### What is expected
Only one stretch of the listing below is wanted. Begin at the line that has "UGREEN Qi2 15W", stop after the line that has "Drawing living room photo", and repeat every line in between exactly.

### Excerpted data
[Start of Attachment]
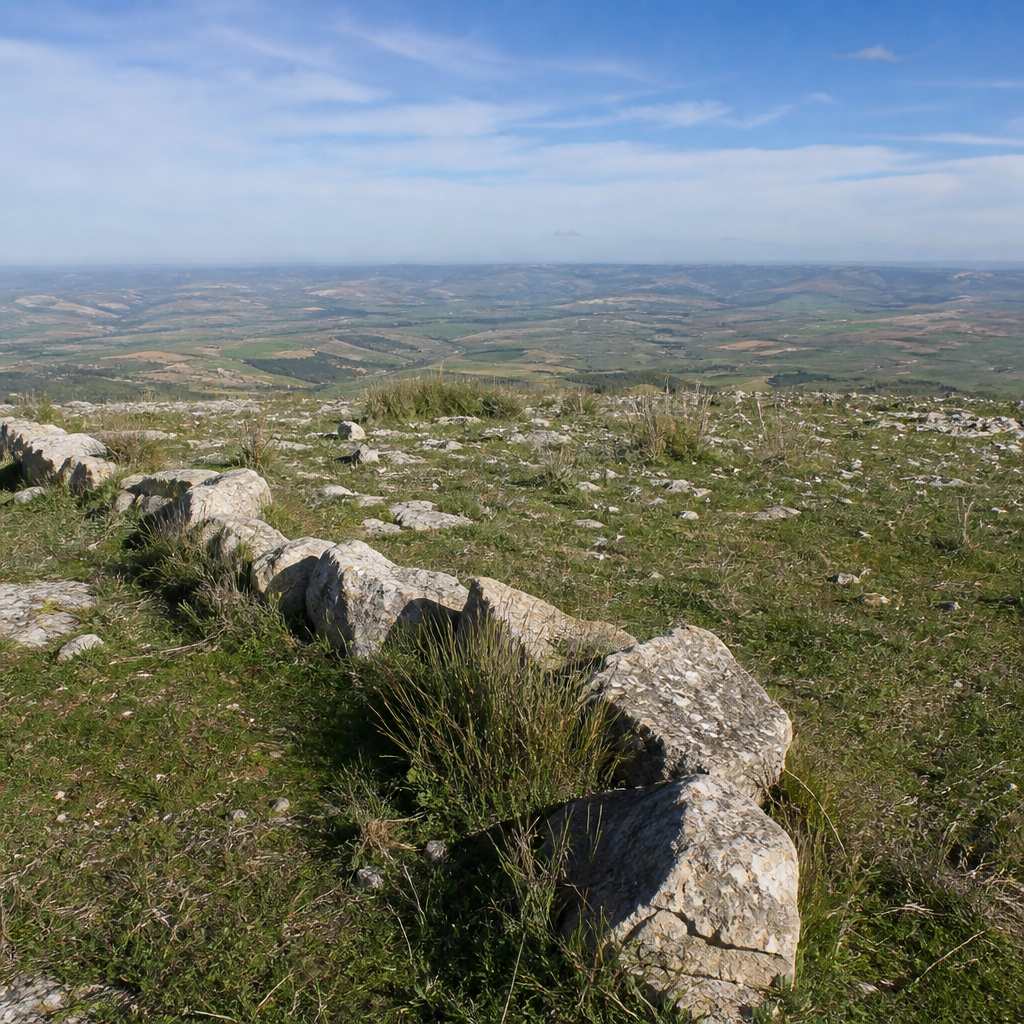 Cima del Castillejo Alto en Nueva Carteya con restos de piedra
[End of Attachment]
[Start of Attachment]
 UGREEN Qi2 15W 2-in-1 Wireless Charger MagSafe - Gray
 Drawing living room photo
[End of Attachment]
[Start of Attachment]
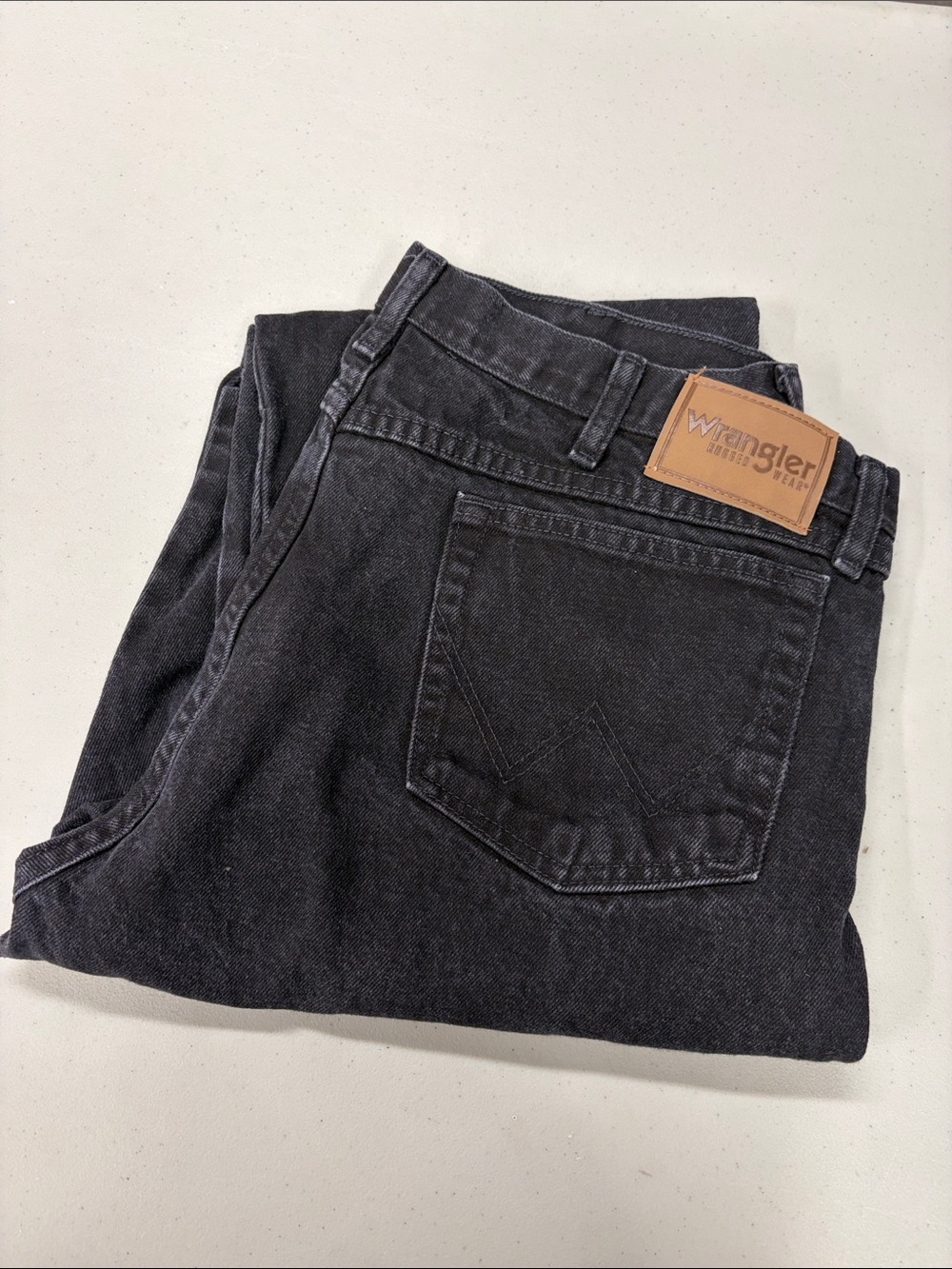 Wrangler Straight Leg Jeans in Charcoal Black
[End of Attachment]
### Solution to this exercise
 UGREEN Qi2 15W 2-in-1 Wireless Charger MagSafe - Gray
 Drawing living room photo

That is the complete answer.